To begin this project log, let me briefly talk about the motivation. Honestly, the initial idea came to me almost immediately. First, I felt that using LSTMs again didn’t make sense—I wanted something newer. Second, during an early course on nuclear models, I came across the ENSDF database, and I realized it was a natural fit for testing diffusion models. After some investigation, I eventually shifted to using a transformer-based model.
Overall, I see this as an incremental model: adding LoRA updates along the time axis, simulating how human science has historically advanced step by step in measuring nuclear physics parameters. From this perspective, it makes sense to expect future predictions of new isotopes and their parameters to also follow this trend.

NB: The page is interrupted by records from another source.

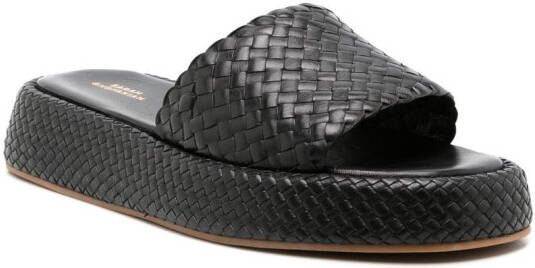 Sarah Chofakian interwoven leather sandals Black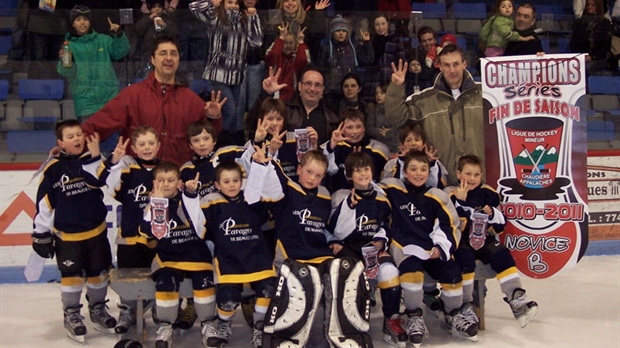 Trois en trois pour l’équipe novice B2 de Beauce-Centre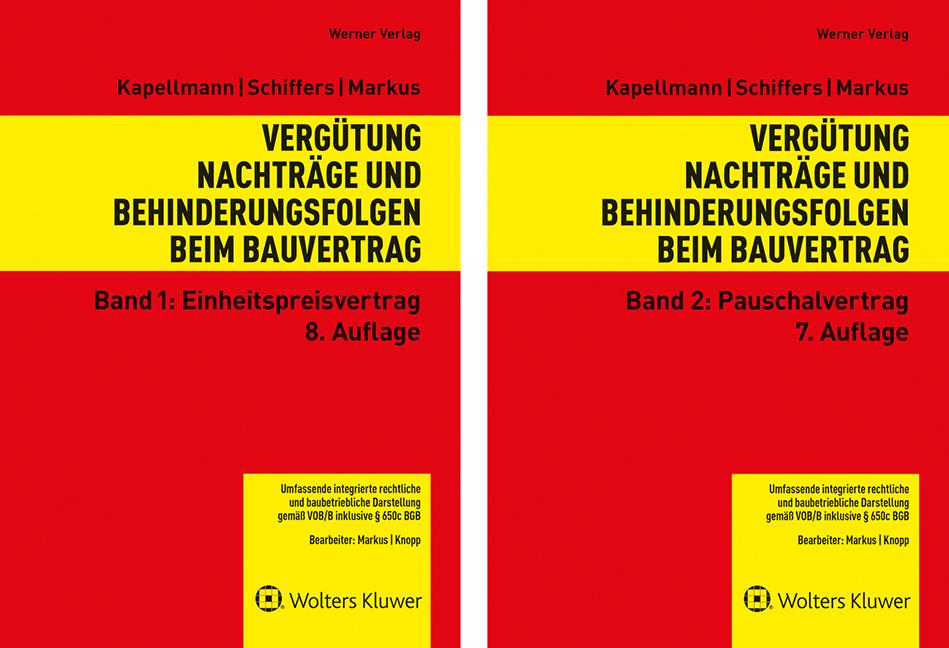 Vorderes Coverbild Vergütung, Nachträge und Behinderungsfolgen beim Bauvertrag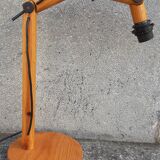 Articulated wooden lamp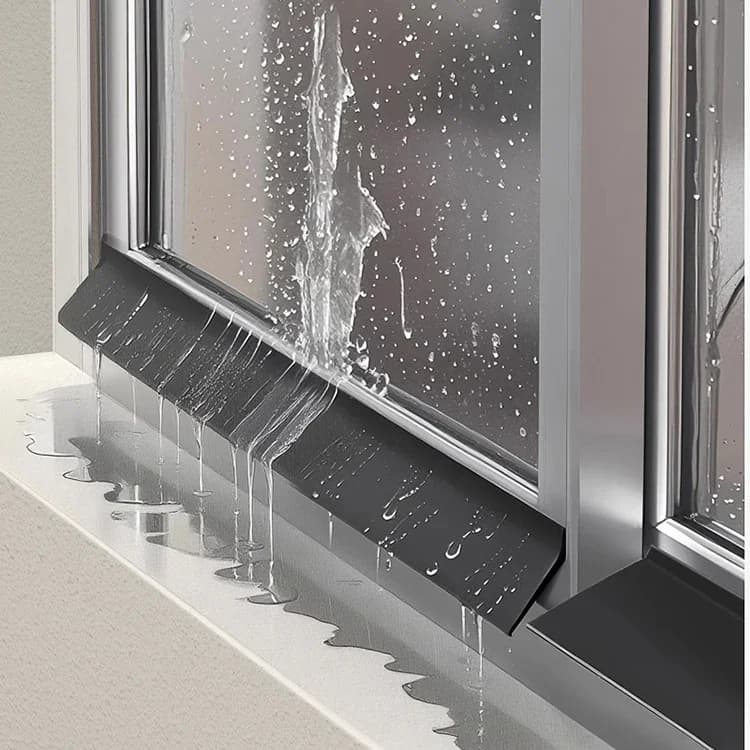 0.5m Home Window Sliding Weatherstrip Windproof Balcony Insulation Sealing Flashing Board Rain Water Blocking For Home Improveme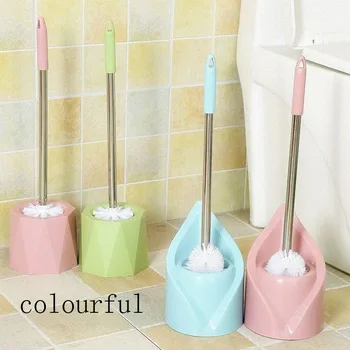 

Household toilet brush no dead angle long handle soft Washing Artifact wall Hanging cleaning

For model setup and loading, I relied on PyTorch packages. It’s still the mainstream choice right now, and at each step I also used some AI-assisted code generation to speed up learning and prototyping.
The entire pipeline includes: data cleaning → data processing → model input → model construction → regression prediction. Every step had to be done manually, and the data cleaning part in particular was painful. The raw files contain not only the values we need, but also a lot of unnecessary comments and low-quality experimental notes.
My first idea was to do simple row-wise parsing: use the first few characters of each line to separate categories, and then extract basic values such as energy. For modeling strategy, the simplest baseline was a multi-output regression model predicting excitation energy values (e.g., L, G, Q). This served as the starting point for G/Q training.
Example data sample:
112PD G 737.2 3 20 14 A
112PD L 890.3 3 0(+)
At this stage, the workflow still feels overly complex. My thought is to first focus on a single energy regression baseline using only part of the dataset, and then gradually expand to multi-output predictions later. Training should start from a simple base model, then progressively add LoRA updates.
This also matches the incremental-learning goal: since ENSDF adds new nuclei every year, splitting training and testing sets by year is a natural setup.
As for future plans, my idea is to extend this into a sequence generation framework, where training is organized by isotope categories. The goal would be to eventually use and predict the full LGQ dataset, instead of only focusing on energy-level differences as I am doing now.
Of course, this will likely require significant architectural updates, additional learning on my part, and much stronger computational resources. At the moment, with only a 3090 Ti on hand, it’s simply not realistic to expect to finish this plan.
Data cleaning itself is not particularly difficult, but because the ENSDF source files are both numerous and messy, I ran into many challenges. I have been working on this project for about three months, and nearly half of that time has been spent revisiting and reconsidering the data cleaning stage.
In my version 1.0 cleaning pipeline, I only kept the L-cards and discarded all sub-cards, since our primary focus is on energy. As a result, I removed every record that did not contain an energy entry.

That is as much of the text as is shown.